(Materials provided Opens)
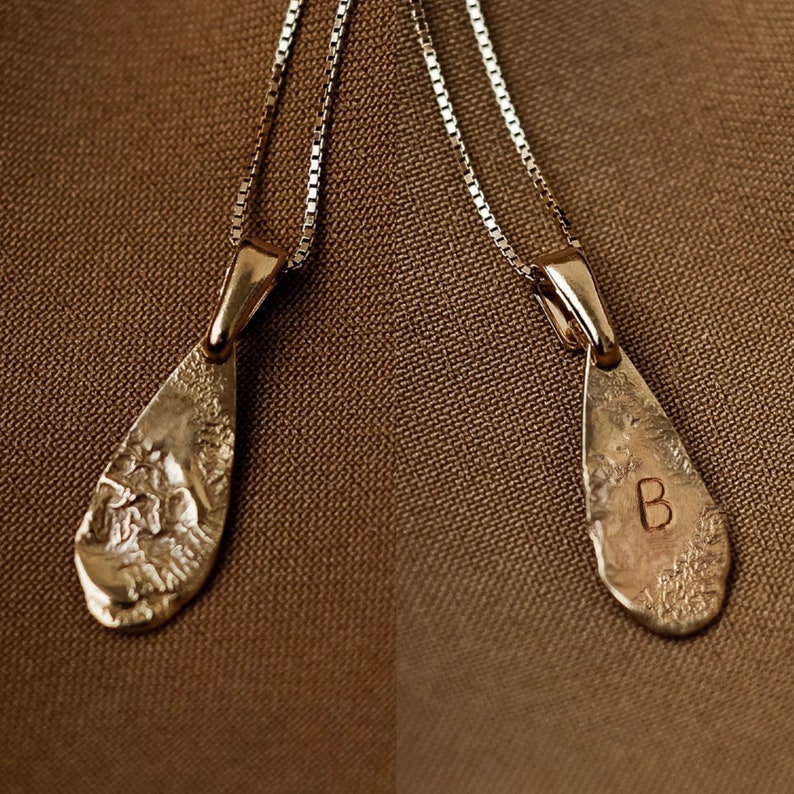 Peut inclure: Deux colliers en or avec des pendentifs en forme de larme. Les pendentifs sont textur&eacute;s et ont une finition martel&eacute;e. Un pendentif porte la lettre "B" grav&eacute;e.
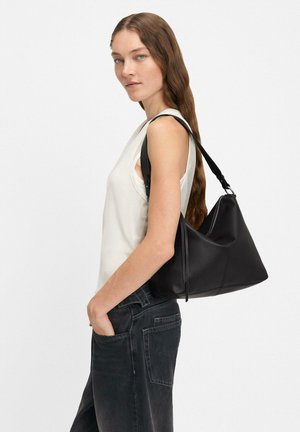 Czarna skórzana torba na ramię o trójkątnym kształcie, gładkiej fakturze i regulowanym pasku. Posiada zamek błyskawiczny oraz subtelne detale w postaci przeszyć.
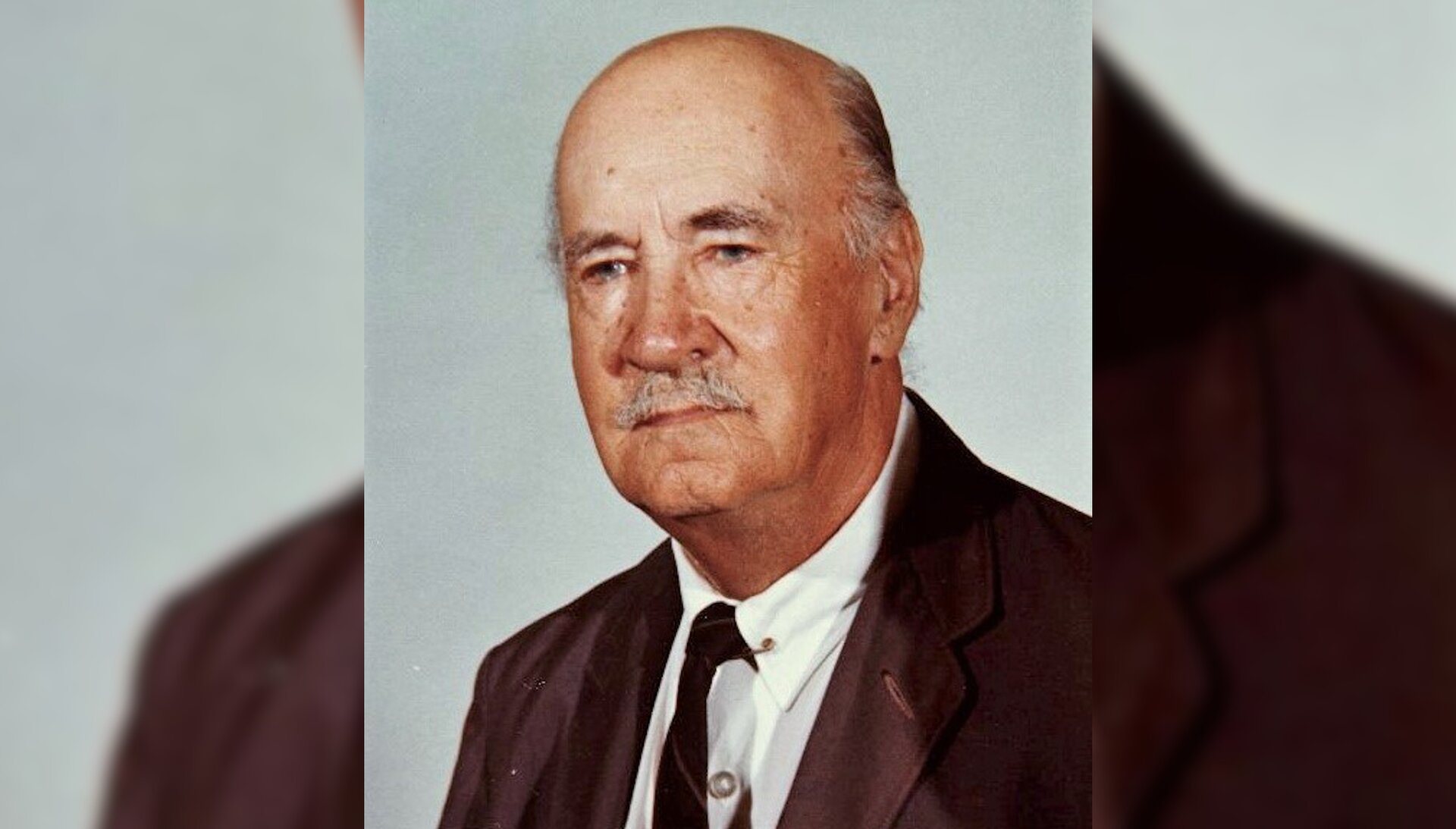 Fotografia przedstawiająca portret starszego mężczyzny z wąsem, ubranego w koszulę, krawat i marynarkę.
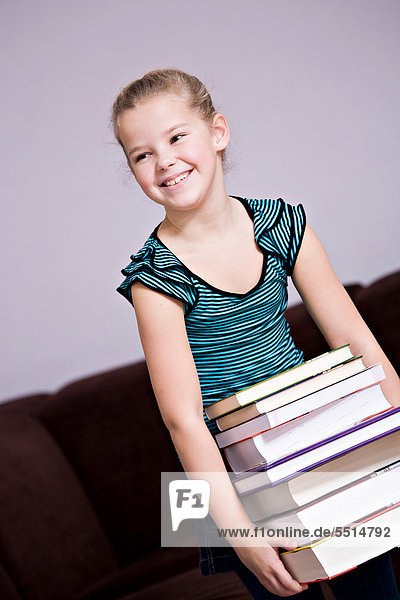 Girl  8  carrying a stack of books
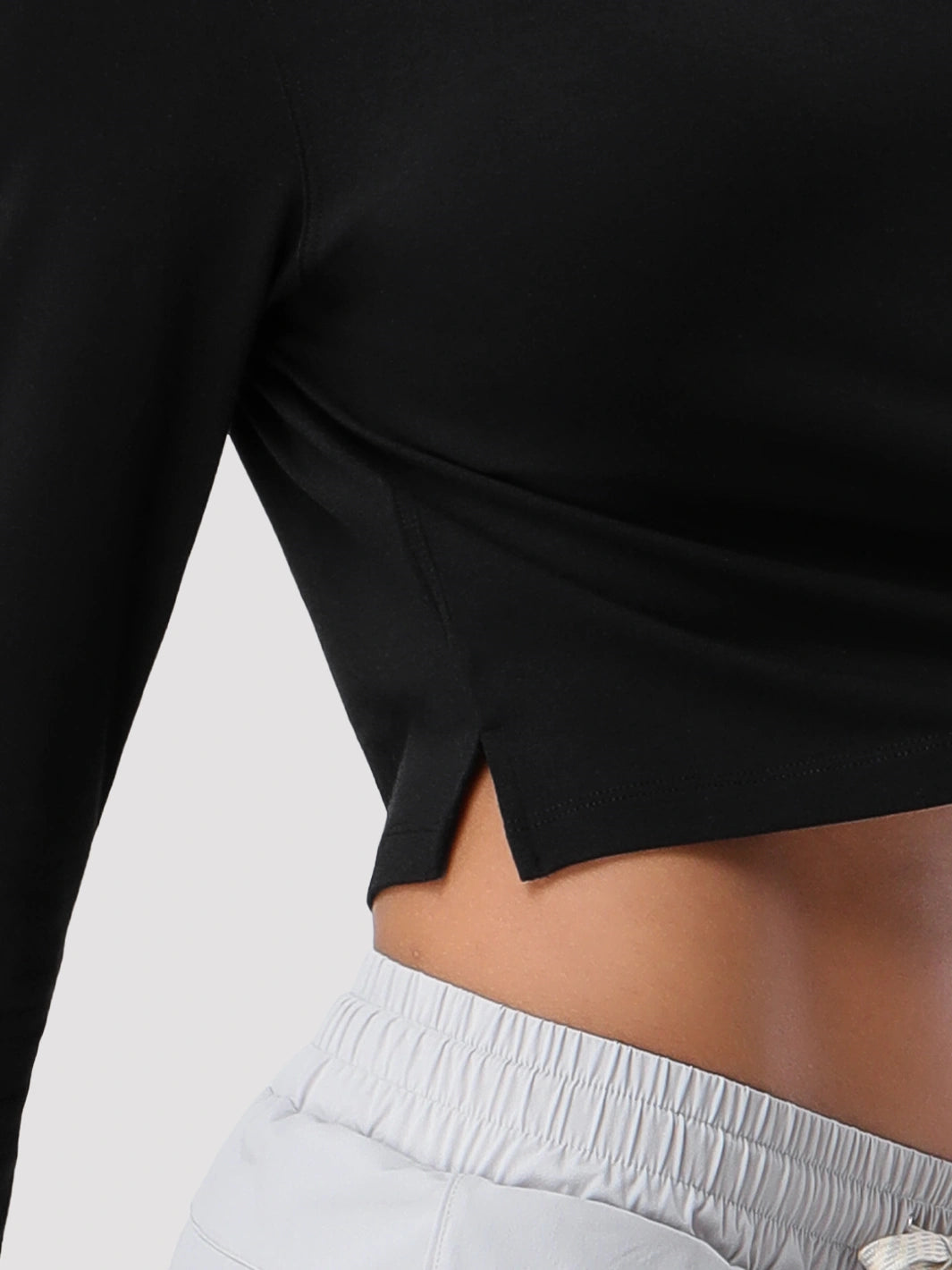 Top a manica lunga cropped e comodo da donna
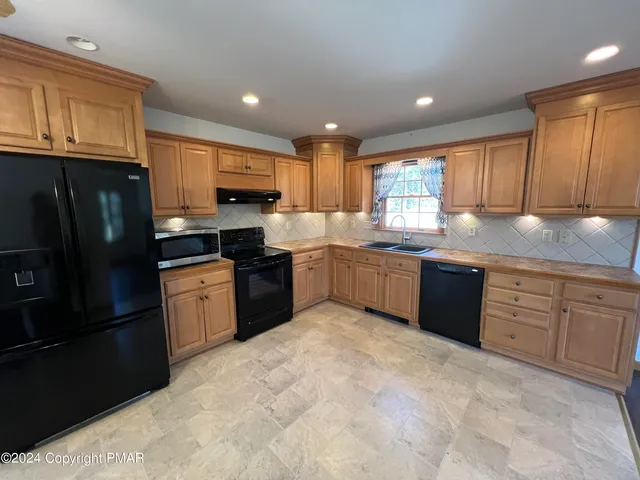 a kitchen with granite countertop stainless steel appliances and cabinets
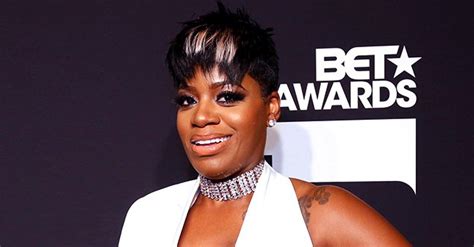 Check Out Fantasia Barrino In Front Of A Lavish Car With Her Curves Poured Into A Tight Dress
(Materials provided Closes)
Exercise brief: From the line that contains "stack of books" to the last line of the data above, inclusive, transcribe every line exactly and only those lines, omitting pictures.

Answer to this task:
 Girl  8  carrying a stack of books
 Top a manica lunga cropped e comodo da donna
 a kitchen with granite countertop stainless steel appliances and cabinets
 Check Out Fantasia Barrino In Front Of A Lavish Car With Her Curves Poured Into A Tight Dress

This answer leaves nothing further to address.